Keywords: faces, fusiform gyrus, object recognition, reading, ventral visual stream

Introduction

Written words and faces are highly important visual stimuli that are processed through occipital (visual), unimodal, and heteromodal temporal association cortices and paralimbic and limbic structures (Goodale and Milner 1992; Ungerleider and Haxby 1994; Mesulam 1998). The so-called ventral visual stream is an important component of this pathway, and neuroimaging studies have identified discrete areas of cortex that are activated by particular types of visual object. The “visual word form area” (VWFA, Cohen et al. 2000) in the left posterior fusiform gyrus and the “fusiform face area” ([FFA], Kanwisher et al. 1997) in the right posterior fusiform gyrus have received the most attention.

The lateralization of word and face processing to left and right hemispheres, respectively, has been demonstrated in a number of neuroimaging studies (Sergent et al. 1992; Kanwisher et al. 1997; McCarthy et al. 1997; Cohen et al. 2000, 2002; Hasson et al. 2002).

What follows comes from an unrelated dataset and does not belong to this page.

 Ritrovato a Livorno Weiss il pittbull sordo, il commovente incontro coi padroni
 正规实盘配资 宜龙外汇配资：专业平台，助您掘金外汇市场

Further evidence for this hemispheric dissociation comes from neuropsychological studies, which consistently show that pure alexia (an acquired deficit in word recognition) is caused in the vast majority of cases by left hemisphere lesions (Damasio and Damasio 1983; Binder and Mohr 1992; Leff et al. 2006) and prosopagnosia (an acquired deficit in face recognition) is more strongly associated with right hemisphere lesions (Meadows 1974; Damasio et al. 1982; Benton 1990; Barton 2008b). Although there are exceptions to this lateralization (Hirose et al. 1977; Erkulvrawatr 1978; Winkelman and Glasson 1984; Pillon et al. 1987; Mattson et al. 2000; Barton 2008a), these cases are normally attributed to atypical lateralization in left-handed individuals.

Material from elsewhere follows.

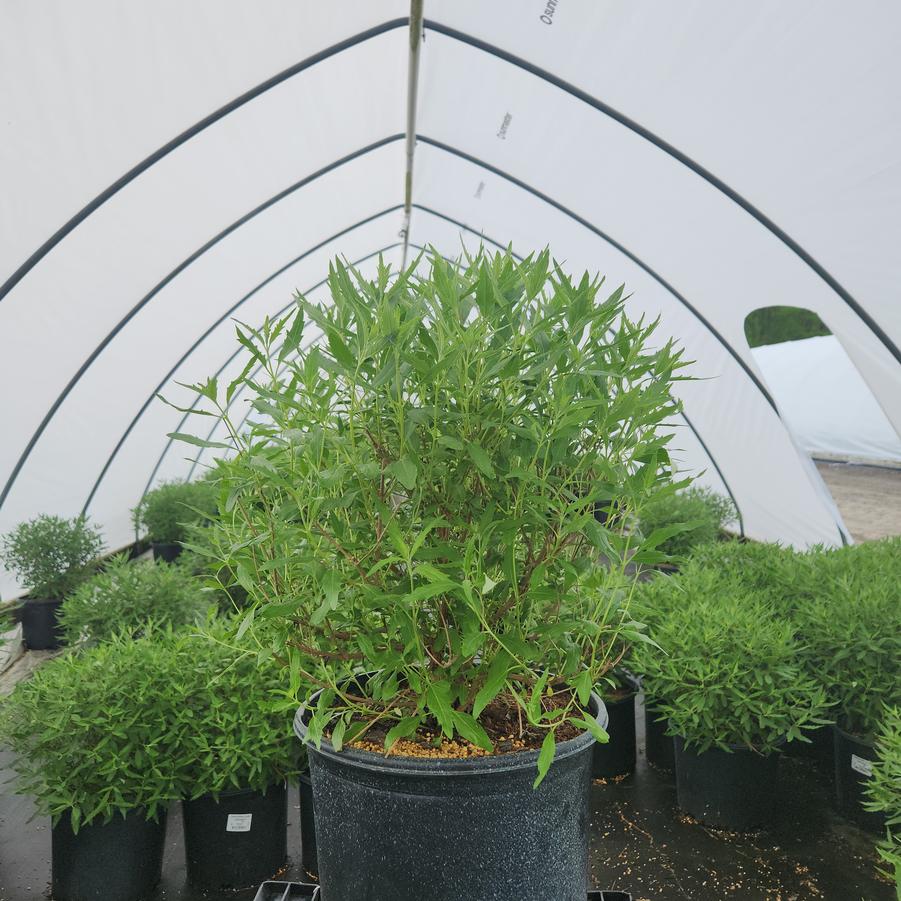 Caryopteris x cland. Dark Knight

Cai et al. (2008) demonstrated that the lateralization of visual word recognition is strongly related to the lateralization of speech production. Speech, which is innate, precedes reading, which is acquired, and the inference is that top-down signal from anterior speech production regions influences the lateralization of the VWFA, thereby minimizing the need for callosal transfer of information within the reading network. What directs the lateralization of the FFA is less clear (Cantlon et al. 2010). Willems et al. (2010) recently showed that lateralization of the FFA depended on handedness: In right-handed participants, the FFA was right lateralized, whereas left-handed participants showed no reliable lateralization. Given that right handedness also predicts left hemisphere language dominance, it is unclear whether lateralization of word and face processing operate independently or are mutually dependent on a more general, heritable trait.

It should be noted that although pure alexia and prosopagnosia are commonly conceived of as category-specific visual agnosias, this view is not universally held. Recent studies have demonstrated category-general visual deficits in patients with pure alexia (Mycroft et al. 2009; Starrfelt et al. 2009), suggesting that lateralization of function in the fusiform may be attributed to more basic perceptual processes rather than higher-order object recognition as such.

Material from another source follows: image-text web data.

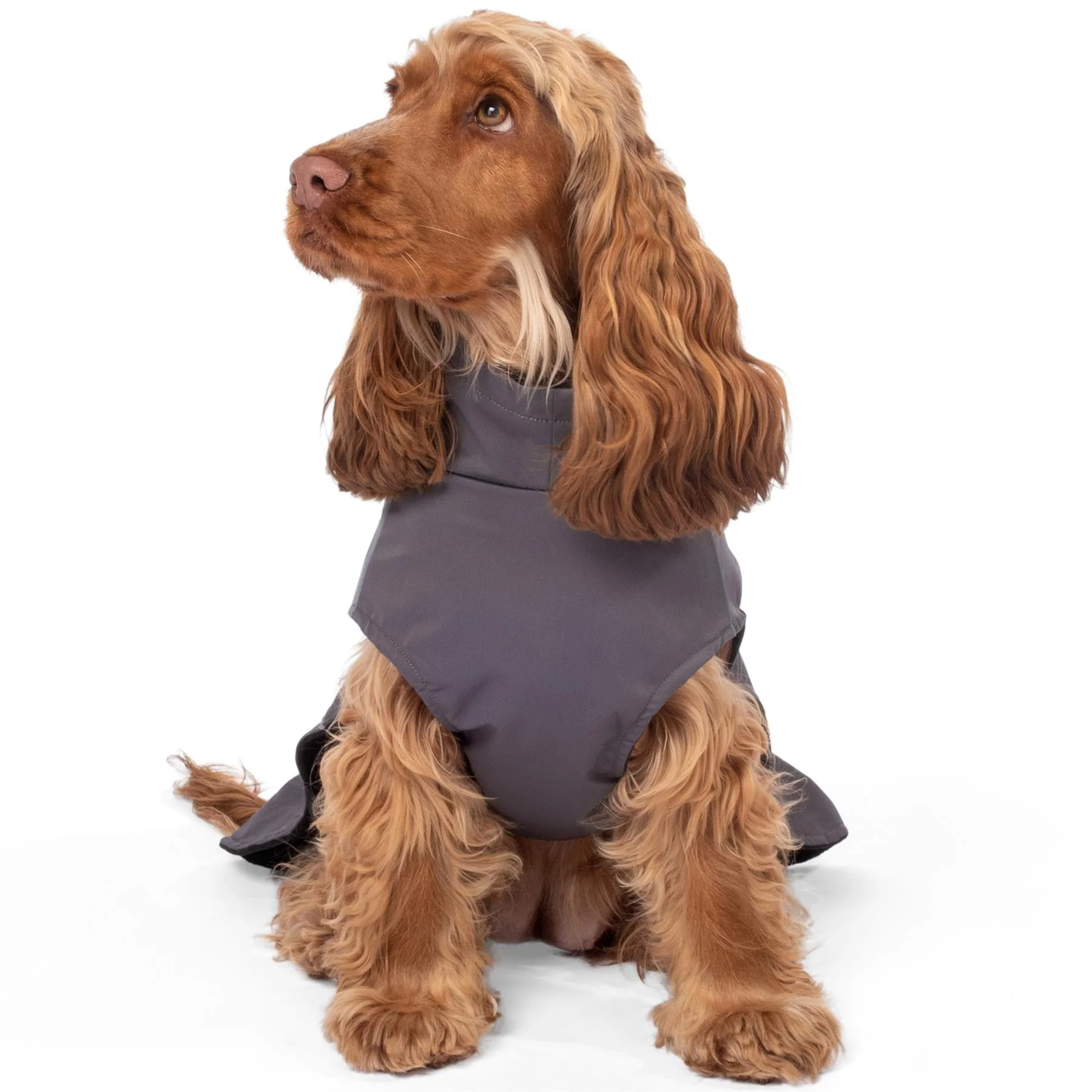 Bunty DownPaw Jacket - Image 5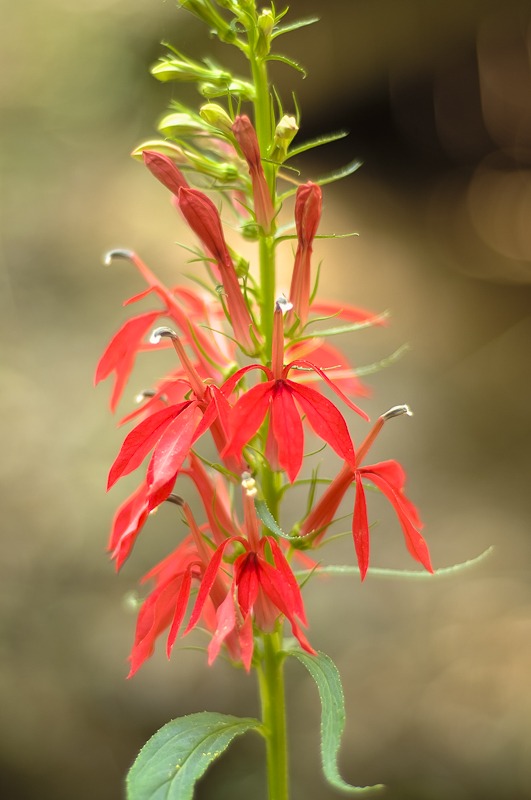 Cardinal Flower
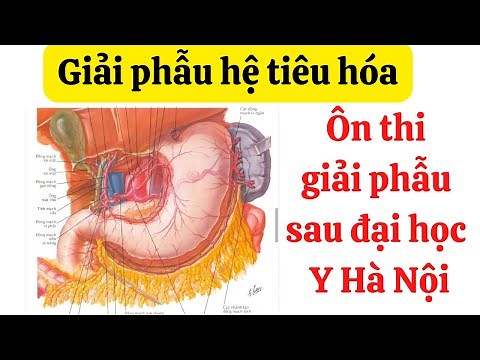 Giải phẫu hệ tiêu hóa. Ôn thi giải phẫu sau đại học Y Hà Nội.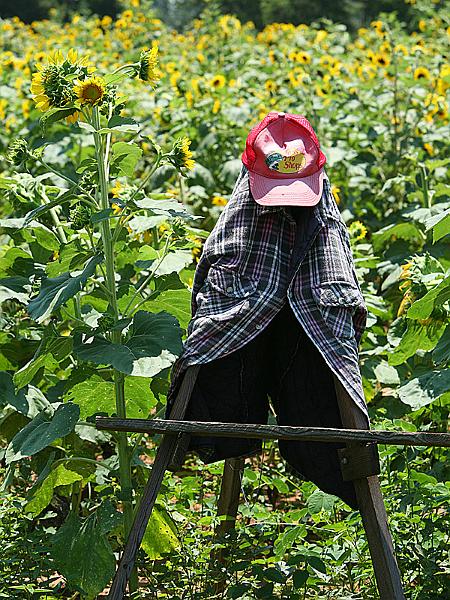 sunflower12.jpg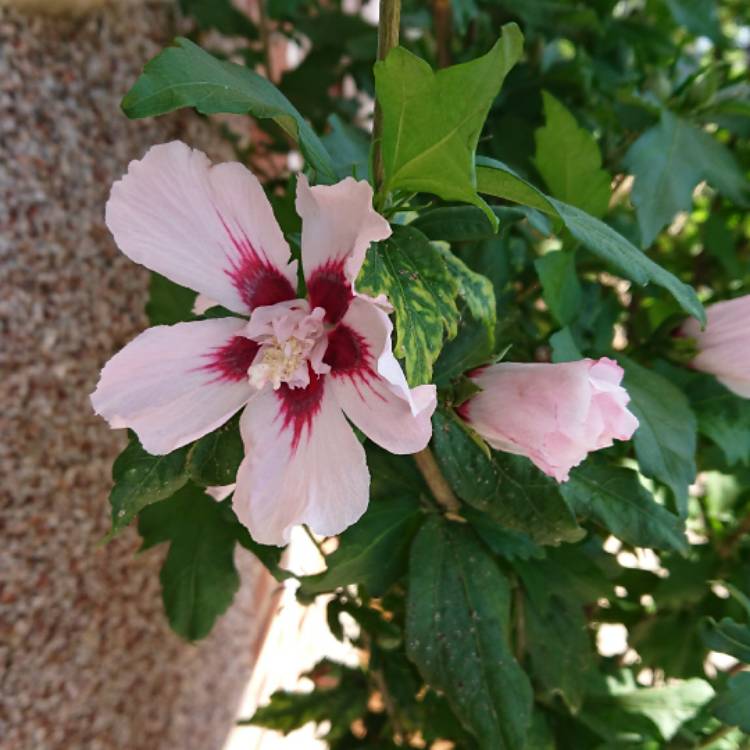 Plant image Hibiscus rosa-sinensis 'Albo Lacinatus'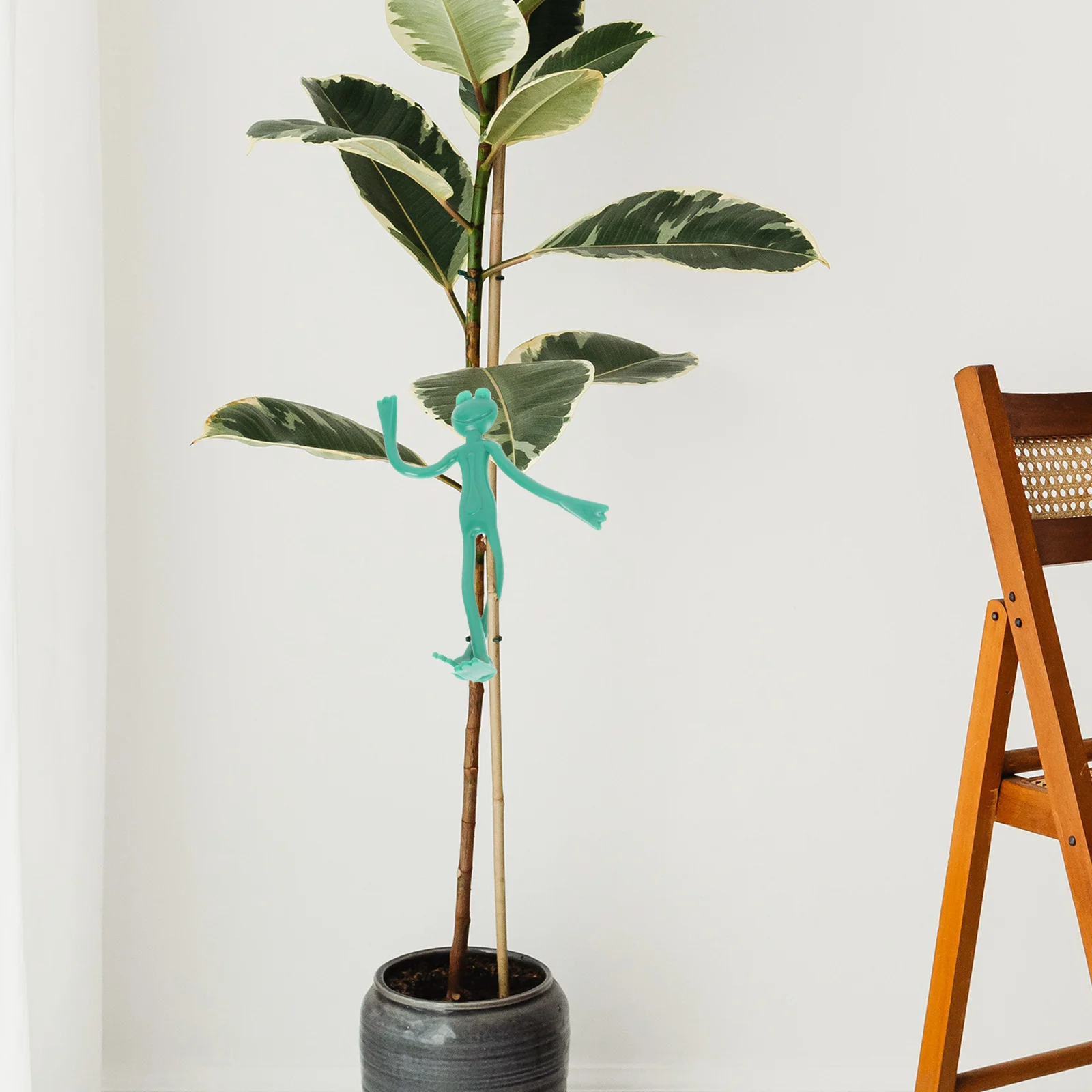 

Plant Plant Climbing Rack Plant Climbing Shelf Plant Vine Support Durable Plant Climbing Rack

A number of studies have questioned whether basic perceptual features such as eccentricity may influence the organization of the ventral occipitotemporal cortex. Malach and colleagues (Levy et al. 2001; Hasson et al. 2002) showed that retinotopic eccentricity mapping in the visual cortex extends into ventral occipitotemporal cortex, with central vision represented laterally and peripheral vision represented medially. This mapping may explain why words and faces (which are typically viewed in foveal vision) activate regions in the lateral bank of the fusiform gyrus, whereas the parahippocampal place area ([PPA]; Epstein and Kanwisher 1998) is located more medially, reflecting the greater reliance on peripheral vision for viewing buildings and landscapes. Although this factor may influence intrahemispheric organization of visual association cortex, it may also have an influence on interhemispheric organization.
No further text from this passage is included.